We see that on average, the replace trace method for $\gamma = 0.9$, $\lambda=0.9$, $\epsilon=0.05$ takes less time to terminate. With lower $\gamma$, the advantage of replace-trace seems to disappear.


Exercise 7.8

sarsa($\lambda$) with replacing traces, has a backup which is equivalent to sarsa($\lambda$) until the first repeated state-action pair. If we use the replace-trace formula in Figure 7.17, the replace-trace backup diagram terminates at the first repeated state-action pair. For the replace-trace formula in Figure 7.16, the backup diagram after the first repeated-state action pair is some hybrid of sarsa($\lambda$) with weights changed only for the repeated state-actions. I'm not sure how to draw that.


Exercise 7.9

Write pseudocode for an implementation of TD($\lambda $) that updates only value estimates for states whose traces are greater than some small positive constant.
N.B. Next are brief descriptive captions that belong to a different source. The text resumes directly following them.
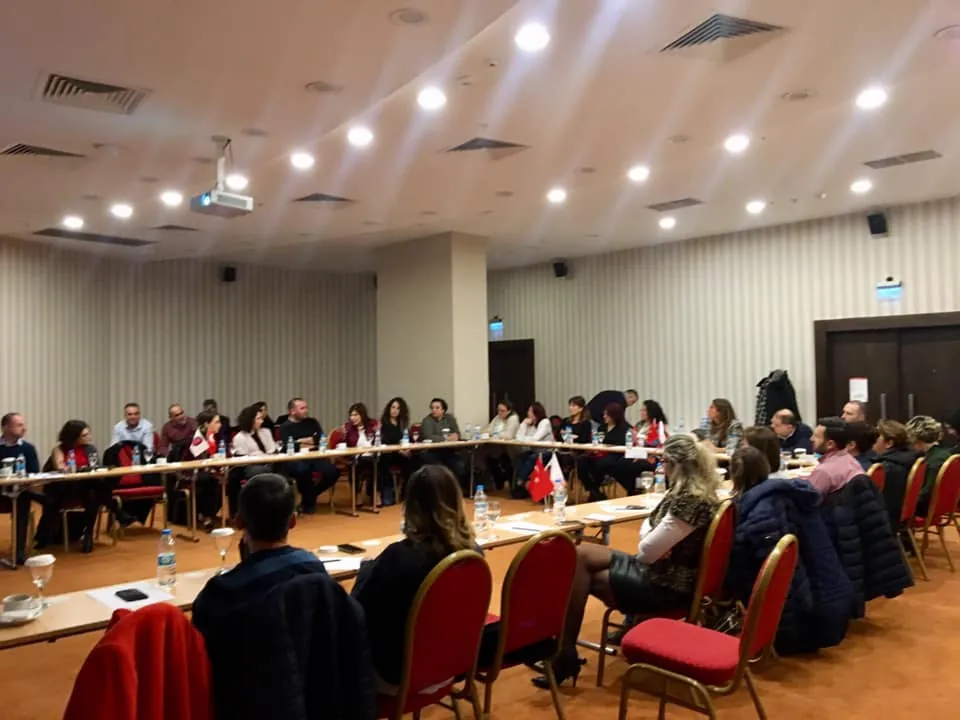 Türk Nefroloji, Diyaliz veTransplantasyon Hemşireleri Derneği 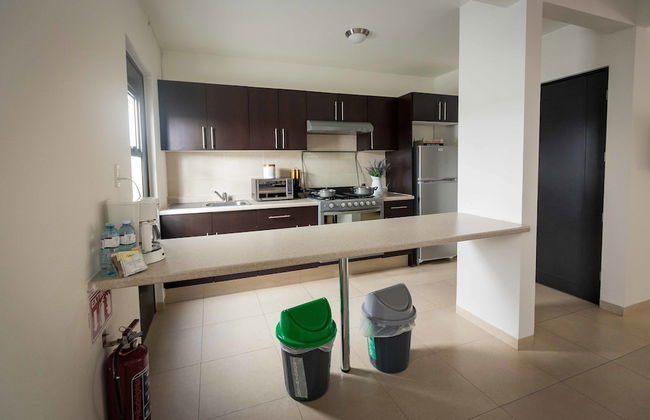 Redwood Villas Extended Stay Zona Industrial - Photo 13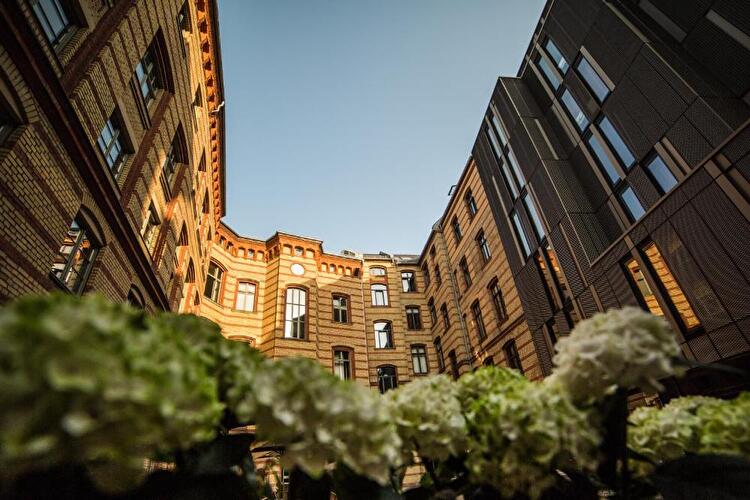 The Weinmeister Berlin-Mitte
You can use a hash-map of traces to update, and if the update reduces the value of the trace below some constant, remove the trace from the hash-map. Traces get added to the hash-map as they get visited. If you want to write the pseudo code or real code, feel free to make a pull-request!


Exercise 7.10

Prove that the forward and backward views of off-line TD($\lambda $) remain equivalent under their new definitions with variable $\lambda $ given in this section. Follow the example of the proof in Section 7.4.

As given in the book, the backward view is:

$ e_t(s)=\left\{ \begin{array}{ll} \gamma \lambda_t e_{t-1}(s), & \mbox{ if } s \neq s_t\\ \gamma \lambda_t e_{t-1}(s) + 1, & \mbox{ if } s = s_t \end{array} \right. $

and the forward view is:

$R_t^\lambda = \sum_{k=t+1}^{T-1} R_t^{(k-t)} (1 - \lambda_k) \prod_{i=t+1}^{k-1} \lambda_i + R_t \prod_{i=t+1}^{T-1} \lambda_i$.
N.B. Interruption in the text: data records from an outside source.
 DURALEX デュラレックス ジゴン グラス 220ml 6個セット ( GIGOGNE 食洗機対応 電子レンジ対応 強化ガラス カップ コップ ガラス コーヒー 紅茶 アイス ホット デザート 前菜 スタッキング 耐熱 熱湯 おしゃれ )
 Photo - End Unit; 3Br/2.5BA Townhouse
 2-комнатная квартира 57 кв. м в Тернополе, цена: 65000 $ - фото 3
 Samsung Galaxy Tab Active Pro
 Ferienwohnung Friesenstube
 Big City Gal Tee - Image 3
The proof is almost identical to 7.4. For the backward view we need to express the eligibility trace nonrecursively:

$e_t(s) = \gamma \lambda_t e_{t-1}(s) + I_{ss_t} = \gamma \lambda_t [\gamma \lambda_{t-1} e_{t-2}(s) + I_{ss_{t-1}}] + I_{ss_t} = \sum_{k=0}^t I_{ss_k}\gamma^{t-k} \prod_{i=k+1}^t \lambda_i$

so that the sum of all updates to a given state is:

$\sum_{t=0}^{T-1}\alpha I_{ss_t} \sum_{k=t}^{T-1} \gamma^{k-t} \prod_{i=t+1}^k \lambda_i \delta_k$

which was obtained by following the same algebra as in 7.9 to 7.12.
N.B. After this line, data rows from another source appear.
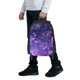 thumbnail image 5 of Disketp Purple Bubble Abstract Art Mochila Minimalista de Gran Capacidad, Mochila de Viaje para Escuela, Trabajo o Uso Diario, 5 of 6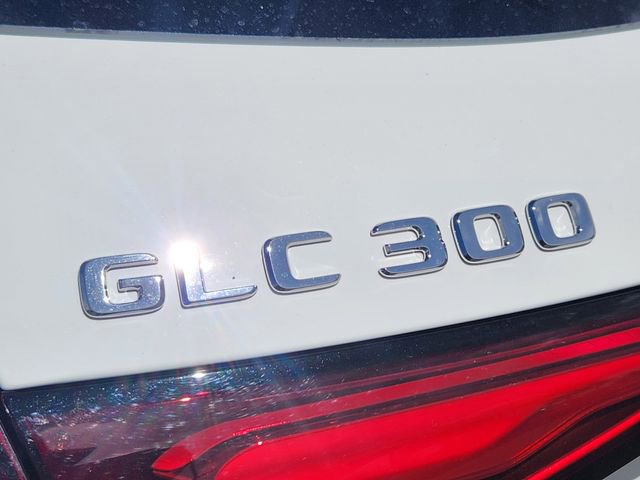 Certified 2026 Mercedes-Benz GLC 300 4MATIC image 16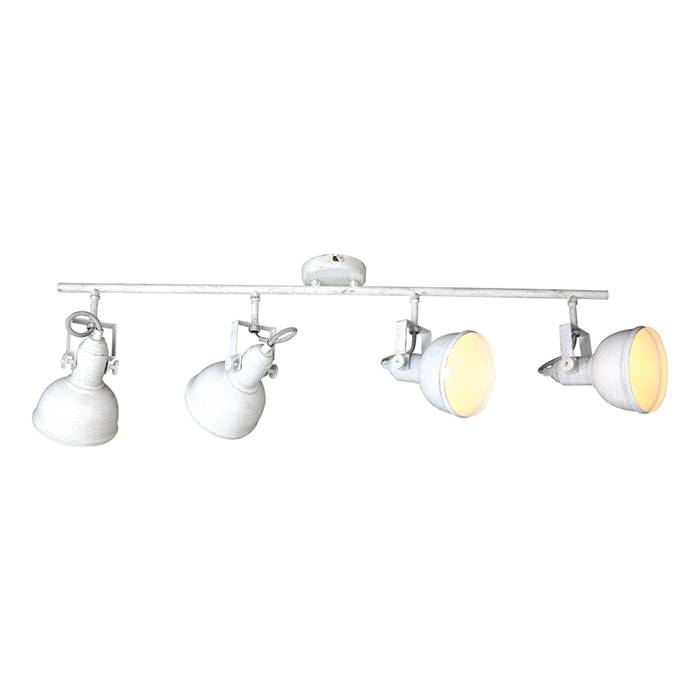 Спот Arte Lamp Martin A5215PL-4WG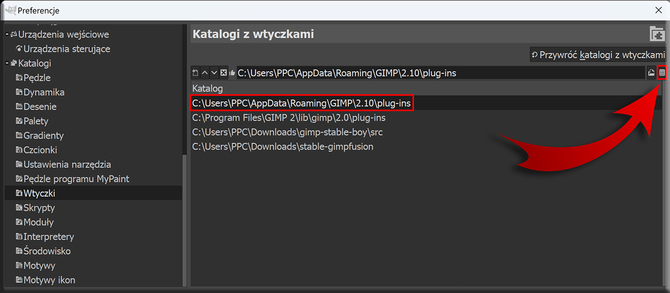 Dodaj sztuczną inteligencję do programu Gimp! Funkcje AI z Photoshopa dostępne za darmo. Poradnik krok po kroku [nc1]
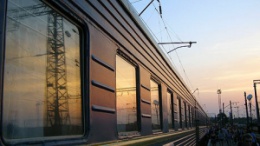 Мининфраструктуры хочет запустить скоростной ночной поезд Харьков-Киев-Львов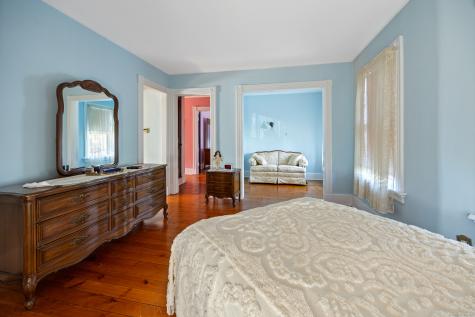 116 East Pearl Street New Haven CT 06513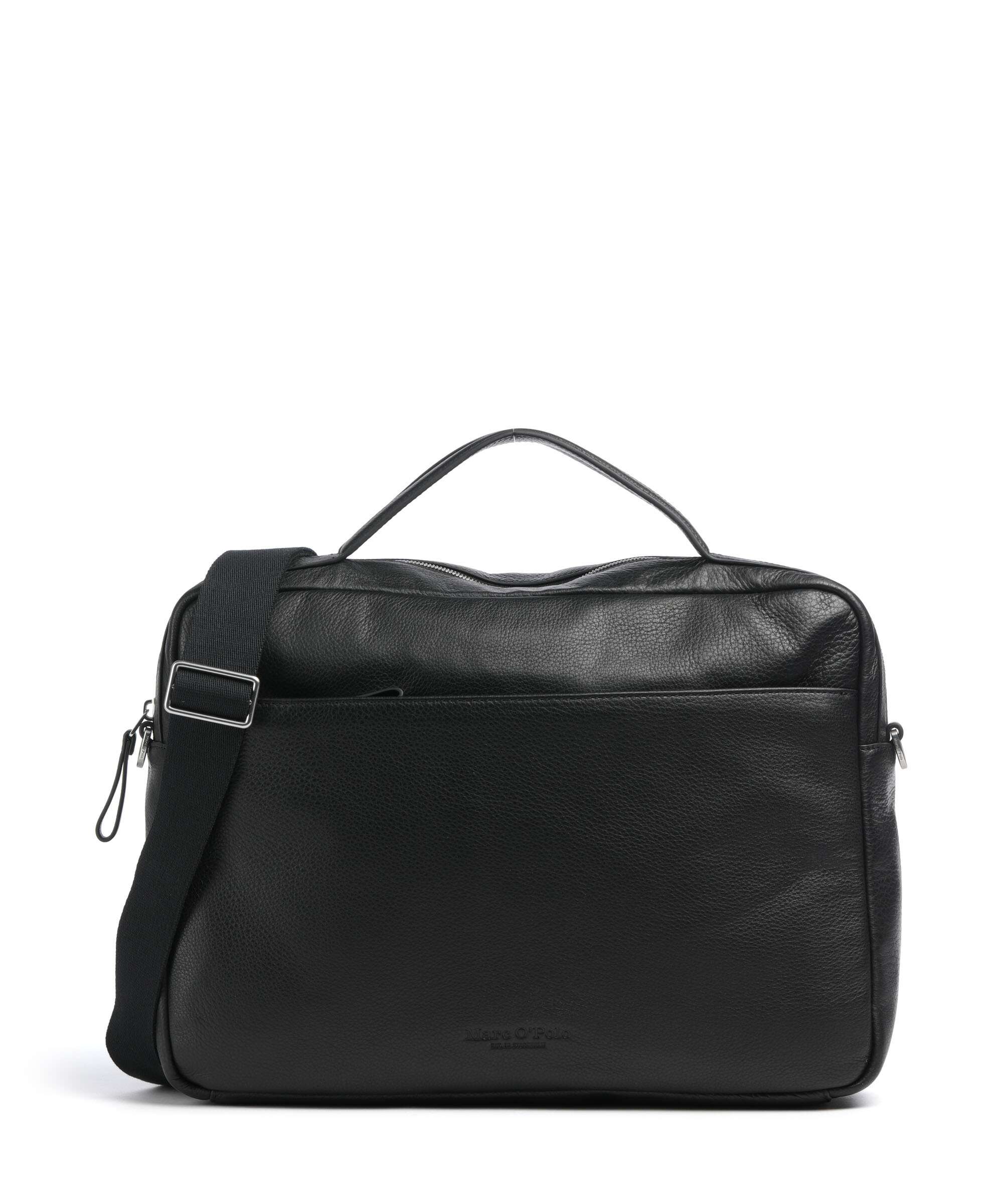 Marc O'Polo Leander M Aktówka black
The next step is to show that the sum of all updates of the forward view is equivalent to the previous equation above. We start with:

$ \begin{equation} \begin{split} \frac{1}{\alpha} \Delta V_t(s_t) =& -V_{t}(s_t) + R_t^\lambda\\ =& -V_t(s_t) + (1 - \lambda_{t+1}) [r_{t+1} + \gamma V_t(s_{t+1})] + (1 - \lambda_{t+2})\lambda_{t+1} [r_{t+1} + \gamma r_{t+2} + \gamma^2 V_t(s_{t+2})] + \dots\\ =& -V_{t}(s_t) + [r_{t+1} + \gamma V_t(s_{t+1}) - \lambda_{t+1} \gamma V_t(s_{t+1})] + \gamma \lambda_{t+1} [r_{t+2} + \gamma V_t(s_{t+2}) - \gamma \lambda_{t+2} V_t(s_{t+2})] + \dots\\ =& [r_{t+1} + \gamma V_t(s_{t+1}) - V_t(s_t)] + (\gamma \lambda_{t+1})[r_{t+2} + \gamma V_t(s_{t+2}) - V_t(s_{t+1})] + (\gamma^2 \lambda_{t+1}\lambda_{t+2}) \delta_{t+3} + \dots\\ \approx& \sum_{k=t}^{T-1} \gamma^{k-t} \delta_k \prod_{i=t+1}^{k} \lambda_i \end{split} \end{equation} $

which is equivalent to the backward case, and becomes an equality for offline updates.


"Eligibility traces are the first line of defense against both long-delayed rewards and non-Markov tasks."

"In the future it may be possible to vary the trade-off between TD and Monte Carlo methods more finely by using variable $\lambda $, but at present it is not clear how this can be done reliably and usefully."